In some embodiments, the switch can be a member switch of a network of interconnected switches (e.g., a fabric switch). In a fabric switch, any number of switches coupled in an arbitrary topology can be controlled as a single logical switch. The fabric switch can be an Ethernet fabric switch or a virtual cluster switch (VCS), which can operate as a single Ethernet switch. In some embodiments, a respective switch in the fabric switch is an Internet Protocol (IP) routing-capable switch (e.g., an IP router). In some further embodiments, a respective switch in the fabric switch is a Transparent Interconnection of Lots of Links (TRILL) routing bridge (RBridge).
It should be noted that a fabric switch is not the same as conventional switch stacking. In switch stacking, multiple switches are interconnected at a common location (often within the same rack), based on a particular topology, and manually configured in a particular way. These stacked switches typically share a common address, e.g., an IP address, so they can be addressed as a single switch externally. Furthermore, switch stacking requires a significant amount of manual configuration of the ports and inter-switch links. The need for manual configuration prohibits switch stacking from being a viable option in building a large-scale switching system. The topology restriction imposed by switch stacking also limits the number of switches that can be stacked. This is because it is very difficult, if not impossible, to design a stack topology that allows the overall switch bandwidth to scale adequately with the number of switch units.
In contrast, a fabric switch can include an arbitrary number of switches with individual addresses, can be based on an arbitrary physical topology, and does not require extensive manual configuration.

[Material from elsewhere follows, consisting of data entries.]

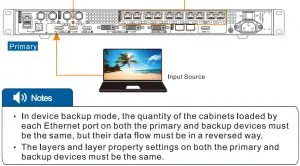 FIG 12 Device Backup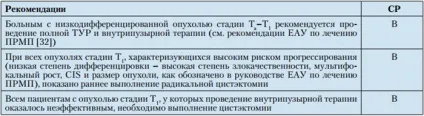 Рецидив після лікування раку сечового міхура без інвазії в м'язовий шар (інвазії) Рецидив після лікування раку сечового міхура без інвазії в м'язовий шар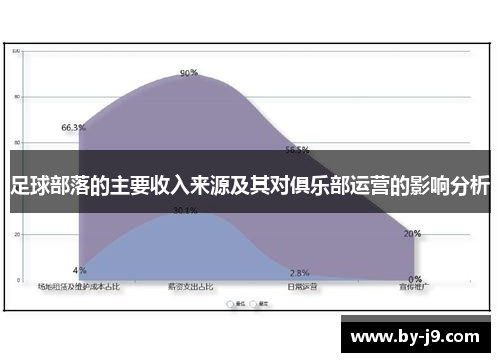 足球部落的主要收入来源及其对俱乐部运营的影响分析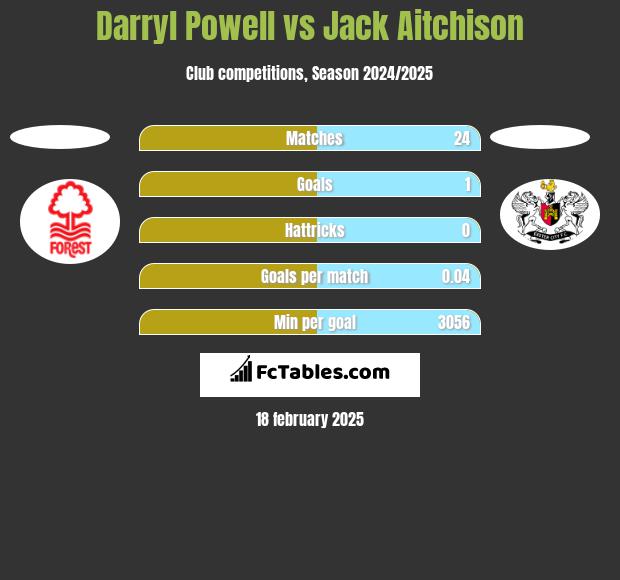 Darryl Powell vs Jack Aitchison h2h player stats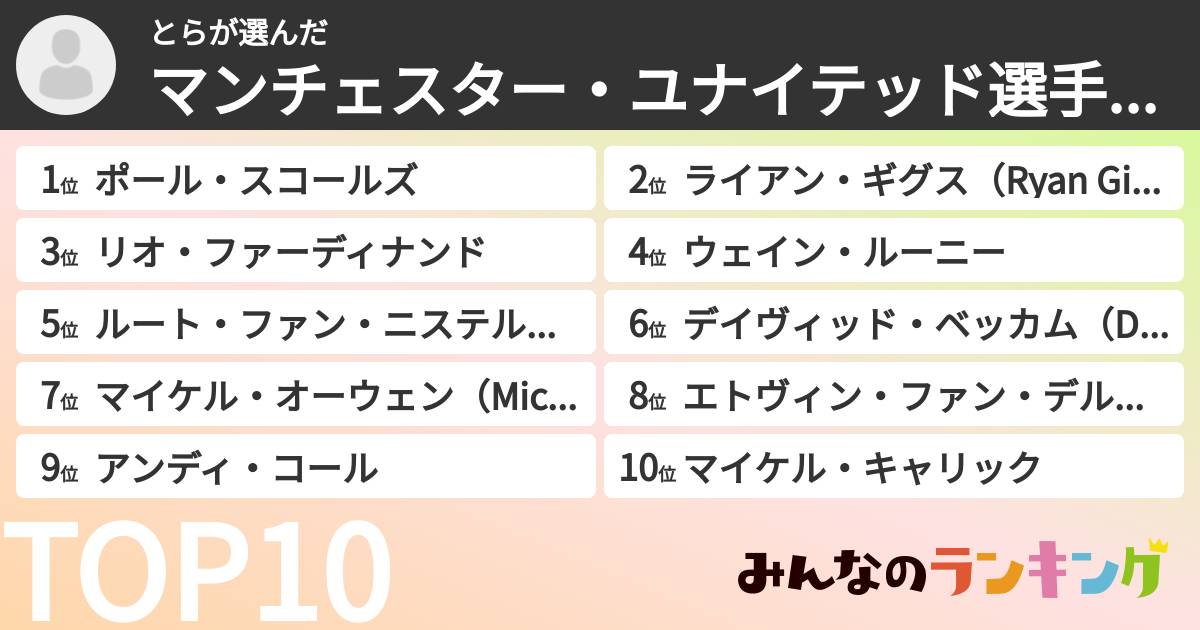 とらさんの「マンチェスター・ユナイテッド選手ランキング」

The switches can reside in the same location, or be distributed over different locations. These features overcome the inherent limitations of switch stacking and make it possible to build a large “switch farm,” which can be treated as a single, logical switch. Due to the automatic configuration capabilities of the fabric switch, an individual physical switch can dynamically join or leave the fabric switch without disrupting services to the rest of the network.
Furthermore, the automatic and dynamic configurability of the fabric switch allows a network operator to build its switching system in a distributed and “pay-as-you-grow” fashion without sacrificing scalability. The fabric switch's ability to respond to changing network conditions makes it an ideal solution in a virtual computing environment, where network loads often change with time.
It should also be noted that a fabric switch is distinct from a VLAN. A fabric switch can accommodate a plurality of VLANs. A VLAN is typically identified by a VLAN tag. In contrast, the fabric switch is identified by a fabric identifier (e.g., a cluster identifier), which is assigned to the fabric switch. Since a fabric switch can be represented as a logical chassis, the fabric identifier can also be referred to as a logical chassis identifier. A respective member switch of the fabric switch is associated with the fabric identifier. In some embodiments, a fabric switch identifier is pre-assigned to a member switch. As a result, when the switch joins a fabric switch, other member switches identifies the switch to be a member switch of the fabric switch.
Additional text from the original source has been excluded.